Zimbabwe: Climate Change Changes Face of Urban Agriculture

Rain is something that Zimbabweans very much look forward to. For years, many have looked up to their rain-fed agricultural projects to bring them food relief in the face of gnawing hunger that has resulted from the country’s economic collapse. The unpredictable pattern that now characterises the rainy seasons, however, has lately been rendering people’s effort useless.

Urban agriculture is part of Zimbabwe’s urban landscape and in Harare; frantic efforts by the city council to put an end to it came to naught — to the extent of the authorities seemingly throwing in the towel. It would seem they finally realised how unreasonable their push was to destroy an activity that brought food relief for many food-insecure urban households, most of who have been left to scrap for a living after their breadwinners lost jobs following either company closures or retrenchments.

Today, however, the council authorities do not pose as much a threat to urban agriculture as does the no-longer-reliable rainfall.

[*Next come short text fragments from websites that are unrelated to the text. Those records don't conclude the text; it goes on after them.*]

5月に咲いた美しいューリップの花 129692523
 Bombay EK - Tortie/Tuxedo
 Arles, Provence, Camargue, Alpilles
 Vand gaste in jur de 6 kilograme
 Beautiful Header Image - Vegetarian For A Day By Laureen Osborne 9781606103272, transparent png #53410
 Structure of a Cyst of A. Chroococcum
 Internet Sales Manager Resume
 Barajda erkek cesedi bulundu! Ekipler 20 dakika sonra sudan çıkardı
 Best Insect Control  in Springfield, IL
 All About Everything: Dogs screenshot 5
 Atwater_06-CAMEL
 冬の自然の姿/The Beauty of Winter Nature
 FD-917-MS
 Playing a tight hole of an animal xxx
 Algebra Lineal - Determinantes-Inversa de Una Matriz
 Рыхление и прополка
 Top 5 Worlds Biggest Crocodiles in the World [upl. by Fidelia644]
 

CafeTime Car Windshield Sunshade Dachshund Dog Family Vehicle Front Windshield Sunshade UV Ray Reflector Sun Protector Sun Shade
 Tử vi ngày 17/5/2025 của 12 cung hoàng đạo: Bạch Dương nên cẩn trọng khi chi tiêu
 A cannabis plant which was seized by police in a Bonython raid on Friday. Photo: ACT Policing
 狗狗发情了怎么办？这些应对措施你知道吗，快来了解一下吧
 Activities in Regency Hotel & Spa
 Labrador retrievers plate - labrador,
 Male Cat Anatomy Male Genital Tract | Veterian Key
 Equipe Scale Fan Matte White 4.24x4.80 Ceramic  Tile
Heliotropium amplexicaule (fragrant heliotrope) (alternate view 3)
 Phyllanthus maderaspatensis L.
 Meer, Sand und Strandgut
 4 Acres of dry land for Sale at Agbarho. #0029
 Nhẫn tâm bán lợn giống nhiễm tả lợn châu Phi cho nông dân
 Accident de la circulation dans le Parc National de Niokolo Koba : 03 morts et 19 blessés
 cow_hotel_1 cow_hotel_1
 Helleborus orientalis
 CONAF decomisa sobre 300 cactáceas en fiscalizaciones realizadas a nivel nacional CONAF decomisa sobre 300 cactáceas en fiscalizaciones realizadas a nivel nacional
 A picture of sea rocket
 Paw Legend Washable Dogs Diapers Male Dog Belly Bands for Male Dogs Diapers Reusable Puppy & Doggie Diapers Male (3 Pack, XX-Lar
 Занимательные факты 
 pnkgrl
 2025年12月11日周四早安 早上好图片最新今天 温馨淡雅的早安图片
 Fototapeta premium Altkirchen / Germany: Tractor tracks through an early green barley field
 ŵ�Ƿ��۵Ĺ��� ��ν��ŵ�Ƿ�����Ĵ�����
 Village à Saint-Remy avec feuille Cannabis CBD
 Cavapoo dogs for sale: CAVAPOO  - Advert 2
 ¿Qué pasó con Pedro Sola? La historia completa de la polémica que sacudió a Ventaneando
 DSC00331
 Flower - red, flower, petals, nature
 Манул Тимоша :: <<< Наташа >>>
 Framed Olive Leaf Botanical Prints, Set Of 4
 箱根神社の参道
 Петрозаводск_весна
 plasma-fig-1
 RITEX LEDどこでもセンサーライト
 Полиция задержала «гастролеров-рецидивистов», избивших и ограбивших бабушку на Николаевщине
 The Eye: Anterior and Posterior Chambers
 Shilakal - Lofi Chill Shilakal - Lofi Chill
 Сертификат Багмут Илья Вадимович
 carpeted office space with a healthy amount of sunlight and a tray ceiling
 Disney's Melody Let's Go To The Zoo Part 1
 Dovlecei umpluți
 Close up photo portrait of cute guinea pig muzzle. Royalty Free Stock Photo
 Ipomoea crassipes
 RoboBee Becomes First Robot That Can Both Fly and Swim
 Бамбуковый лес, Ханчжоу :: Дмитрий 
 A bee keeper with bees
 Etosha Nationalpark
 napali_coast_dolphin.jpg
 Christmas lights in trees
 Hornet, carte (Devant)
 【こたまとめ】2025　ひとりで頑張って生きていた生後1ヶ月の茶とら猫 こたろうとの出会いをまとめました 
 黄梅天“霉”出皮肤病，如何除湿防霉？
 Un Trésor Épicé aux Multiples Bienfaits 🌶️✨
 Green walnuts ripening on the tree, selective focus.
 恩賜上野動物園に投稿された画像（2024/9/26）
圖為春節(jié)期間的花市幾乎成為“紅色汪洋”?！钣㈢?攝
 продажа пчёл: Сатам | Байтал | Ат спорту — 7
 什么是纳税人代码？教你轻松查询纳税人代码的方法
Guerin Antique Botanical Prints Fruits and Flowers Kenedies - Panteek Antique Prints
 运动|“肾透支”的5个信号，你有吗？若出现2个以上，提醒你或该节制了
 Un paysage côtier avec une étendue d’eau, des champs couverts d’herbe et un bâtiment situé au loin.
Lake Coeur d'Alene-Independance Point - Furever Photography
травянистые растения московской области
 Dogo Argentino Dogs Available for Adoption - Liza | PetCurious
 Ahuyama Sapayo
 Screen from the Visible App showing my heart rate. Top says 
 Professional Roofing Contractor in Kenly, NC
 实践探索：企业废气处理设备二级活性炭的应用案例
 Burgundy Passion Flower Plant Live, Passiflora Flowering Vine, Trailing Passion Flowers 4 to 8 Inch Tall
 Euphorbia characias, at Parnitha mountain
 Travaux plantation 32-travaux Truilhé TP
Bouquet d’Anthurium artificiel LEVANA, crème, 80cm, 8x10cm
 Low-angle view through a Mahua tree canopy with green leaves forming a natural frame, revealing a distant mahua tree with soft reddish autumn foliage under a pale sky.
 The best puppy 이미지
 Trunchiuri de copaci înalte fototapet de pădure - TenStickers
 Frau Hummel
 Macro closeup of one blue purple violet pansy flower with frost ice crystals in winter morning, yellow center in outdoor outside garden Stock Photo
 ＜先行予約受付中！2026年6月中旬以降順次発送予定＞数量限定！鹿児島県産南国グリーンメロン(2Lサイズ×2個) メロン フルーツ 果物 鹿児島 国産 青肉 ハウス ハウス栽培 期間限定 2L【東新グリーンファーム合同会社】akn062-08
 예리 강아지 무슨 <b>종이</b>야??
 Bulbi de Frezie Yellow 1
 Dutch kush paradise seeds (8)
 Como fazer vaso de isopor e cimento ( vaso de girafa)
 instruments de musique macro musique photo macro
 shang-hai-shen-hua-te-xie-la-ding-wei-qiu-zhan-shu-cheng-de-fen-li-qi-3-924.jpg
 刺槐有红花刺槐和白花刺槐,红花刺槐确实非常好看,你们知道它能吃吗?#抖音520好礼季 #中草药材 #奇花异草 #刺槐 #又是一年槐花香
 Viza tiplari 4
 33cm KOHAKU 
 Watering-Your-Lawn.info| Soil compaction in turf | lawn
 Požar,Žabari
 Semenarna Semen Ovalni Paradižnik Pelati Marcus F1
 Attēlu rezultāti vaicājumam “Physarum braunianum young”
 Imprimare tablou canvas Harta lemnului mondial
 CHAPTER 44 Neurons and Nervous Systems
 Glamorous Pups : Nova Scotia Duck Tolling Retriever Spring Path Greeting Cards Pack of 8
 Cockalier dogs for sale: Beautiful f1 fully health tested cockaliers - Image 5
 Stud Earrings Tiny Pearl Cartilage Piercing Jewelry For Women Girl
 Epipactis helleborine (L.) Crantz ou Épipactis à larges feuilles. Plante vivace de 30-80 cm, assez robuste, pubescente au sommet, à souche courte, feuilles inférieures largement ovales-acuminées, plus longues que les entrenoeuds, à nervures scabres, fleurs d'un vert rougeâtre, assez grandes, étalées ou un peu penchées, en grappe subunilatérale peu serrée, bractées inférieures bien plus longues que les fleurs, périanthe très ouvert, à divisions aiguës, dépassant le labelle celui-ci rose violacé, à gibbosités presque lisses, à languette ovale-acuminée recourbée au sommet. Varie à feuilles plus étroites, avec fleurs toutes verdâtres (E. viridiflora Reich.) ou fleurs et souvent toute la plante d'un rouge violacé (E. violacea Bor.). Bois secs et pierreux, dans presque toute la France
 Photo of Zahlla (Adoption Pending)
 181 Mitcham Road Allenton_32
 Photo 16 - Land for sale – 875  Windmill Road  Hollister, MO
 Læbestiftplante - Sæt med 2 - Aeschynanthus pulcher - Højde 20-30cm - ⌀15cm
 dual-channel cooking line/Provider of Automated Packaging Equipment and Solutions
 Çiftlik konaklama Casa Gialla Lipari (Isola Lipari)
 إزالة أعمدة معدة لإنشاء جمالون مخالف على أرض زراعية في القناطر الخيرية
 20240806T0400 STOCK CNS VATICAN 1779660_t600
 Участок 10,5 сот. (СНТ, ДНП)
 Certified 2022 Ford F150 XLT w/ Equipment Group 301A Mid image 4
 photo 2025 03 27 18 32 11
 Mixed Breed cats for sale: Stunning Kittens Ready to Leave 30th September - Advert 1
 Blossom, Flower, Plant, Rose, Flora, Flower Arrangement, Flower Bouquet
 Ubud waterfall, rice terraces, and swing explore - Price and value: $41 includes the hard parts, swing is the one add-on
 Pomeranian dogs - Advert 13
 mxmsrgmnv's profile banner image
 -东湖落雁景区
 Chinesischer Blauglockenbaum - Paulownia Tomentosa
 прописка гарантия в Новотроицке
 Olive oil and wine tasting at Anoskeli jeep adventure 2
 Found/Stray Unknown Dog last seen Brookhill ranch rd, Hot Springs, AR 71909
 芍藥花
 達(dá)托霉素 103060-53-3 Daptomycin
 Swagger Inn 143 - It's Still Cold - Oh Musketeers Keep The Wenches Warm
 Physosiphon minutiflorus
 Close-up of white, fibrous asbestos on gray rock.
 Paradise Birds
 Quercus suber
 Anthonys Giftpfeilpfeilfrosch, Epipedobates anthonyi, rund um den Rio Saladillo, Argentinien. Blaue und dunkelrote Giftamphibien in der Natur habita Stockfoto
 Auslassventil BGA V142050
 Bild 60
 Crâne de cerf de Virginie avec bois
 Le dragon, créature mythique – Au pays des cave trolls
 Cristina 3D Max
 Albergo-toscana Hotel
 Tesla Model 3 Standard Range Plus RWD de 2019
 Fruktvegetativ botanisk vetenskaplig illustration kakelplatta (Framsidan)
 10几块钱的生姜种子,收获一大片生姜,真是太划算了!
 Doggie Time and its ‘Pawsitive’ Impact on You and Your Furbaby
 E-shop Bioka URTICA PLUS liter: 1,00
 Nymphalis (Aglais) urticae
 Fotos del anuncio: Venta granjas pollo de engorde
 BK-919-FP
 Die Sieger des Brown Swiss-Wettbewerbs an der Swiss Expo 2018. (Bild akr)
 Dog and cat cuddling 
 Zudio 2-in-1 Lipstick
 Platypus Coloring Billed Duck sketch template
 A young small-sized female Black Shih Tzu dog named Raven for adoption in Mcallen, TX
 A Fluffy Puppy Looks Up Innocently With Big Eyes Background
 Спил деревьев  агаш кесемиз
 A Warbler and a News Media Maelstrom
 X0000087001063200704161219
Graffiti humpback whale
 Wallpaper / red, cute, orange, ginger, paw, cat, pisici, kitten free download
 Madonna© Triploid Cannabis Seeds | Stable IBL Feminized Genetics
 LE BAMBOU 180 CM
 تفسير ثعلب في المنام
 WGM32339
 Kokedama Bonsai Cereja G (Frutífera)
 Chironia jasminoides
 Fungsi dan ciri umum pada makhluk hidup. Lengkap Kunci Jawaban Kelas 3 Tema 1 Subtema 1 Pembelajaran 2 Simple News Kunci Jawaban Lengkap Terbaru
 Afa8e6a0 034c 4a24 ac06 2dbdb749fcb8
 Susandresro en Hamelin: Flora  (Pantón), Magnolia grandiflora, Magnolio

While traditionally, by mid-November the maize crop would be at knee-height, with people at that point simply worrying about the insistent weeds and getting money to purchase fertiliser, today’s mid-November paints a very different picture. Going around most high-density suburbs in Harare on Tuesday afternoon, this writer witnessed people, mostly the elderly, clearing the land and readying it for planting in the sweltering heat. Other fields, however, had already been cleared and people now only await the proper onset of the rainy season so they can plant.